Despite the years of planning and dreaming that lead up to this day, immediate celebration of the milestone was somewhat lost in the chaos of last minute details. Some were bigger than others: despite redundancy in spares for nearly every part, our previously trusty autopilot expired. Not really interested in hand-steering down the coast, with <24 hours to go a new one was acquired and installed. Then there was the oven in our house that had a service call…the pile of turf (I called it sod, until our British tenants educated me) in our driveway…the report at work (I’ve got several weeks to go) that needed some ‘splaining…another half gallon of milk to shore up our provisioning…clothes for the children’s week away…and what felt like 100 other tasks to complete. We have two crew members coming with us- Curtis Edwards was already on board, and we were picking up PJ Baker at Shilshole marina. Notably, the children were not on board but with their grandparents, aka Plug and Poppy. They are happy little boat kids, but their sailing experience limited to coastal cruising around Puget Sound. Going offshore is wholly different, and given the probability of adverse or weather during at least some portion of a trip down the coast—we felt it was prudent to spare them the experience and ease in more gradually through progressively longer hops south from San Francisco Bay.
Sending us off in true style was a friend I’ll miss more than I can say! Tracey Denlinger pulled together her family (parents Ray & Jan Peacoe, and children Sam & Julia) and ours (my parents with our children in tow) on board the Peacoe’s Sabre, Abuela, to escort us out Eagle Harbor- complete with a soundtrack of tunes from a CD for the occasion. Abuela stayed alongside until we raised the jib and pointed up towards Shilshole. Watching them turn, it hit me just how much I’ll miss the frequent visits with this dear friend and neighbor…thankfully, sunglasses are a great foil for discreet tears.

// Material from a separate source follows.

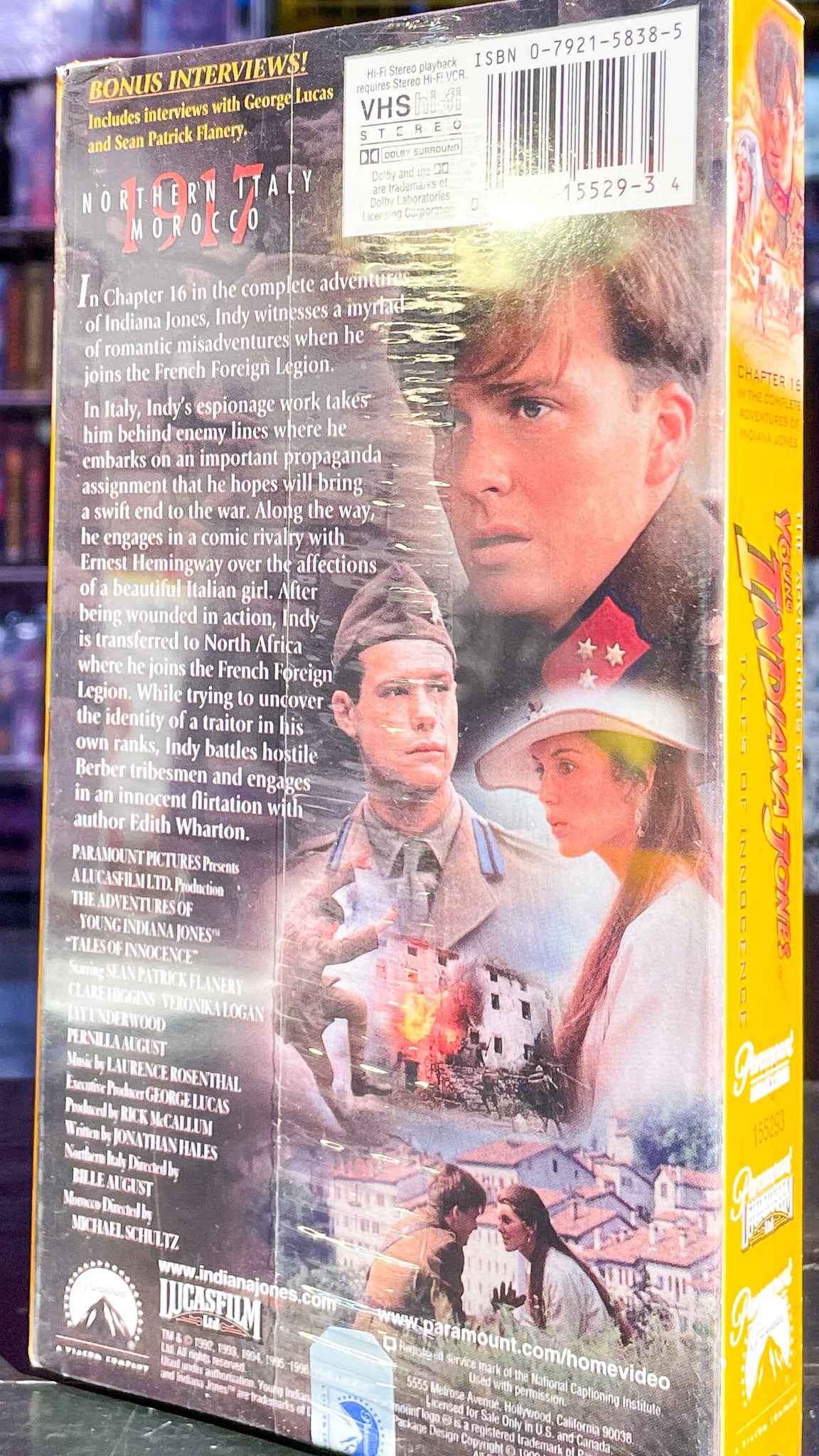 The Adventures Of Young Indiana Jones Chapter 16: Tales Of Innocence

Meanwhile, at least the crew on Abuela was having a fine day on the water- Niall was actually mock-crying, LOUDLY, across the water while they all waved hankerchiefs at us. It was quite a sight! I was thrilled to see my mother on board- she loves boats, but from a distance. Getting ON them and leaving the dock is another story altogether! (Mum, I’ve got the St Christopher up).
Riding the Humpback Highway
Today- two days later- we’re riding what Jamie finally called the Humpback Highway. We’ve seen so many whales today I’ve actually lost count! Most were too far for away photograph to do any justice, but there have been spectacular displays of tail slapping, breeching, and several mother/calf pairs. It’s been a smooth ride of gentle swells and beautiful skies.
We haven’t had enough wind to sail, but were able to get out just behind one weather system- and are motoring through so we can get south ahead of a second one. We’re anticipating pulling into Newport, OR (hopefully finding wifi to upload this!) on Saturday afternoon to wait out the next low…let the big winds blow by, then head out on the back side. We’ll get favorable wind and anticipate a nice sail south, with perhaps a bit of excitement (hopefully not too much) around the Cape Mendocino.
Meanwhile, we have the opportunity at least to take a deep breath- look around- and enjoy and appreciate the place where we are and this time in our lives. Our first full day out, PJ replaced the whiteboard departure countdown with this message: WELCOME TO DAY 1 OF THE CRUISING LIFE. Are we ever grateful!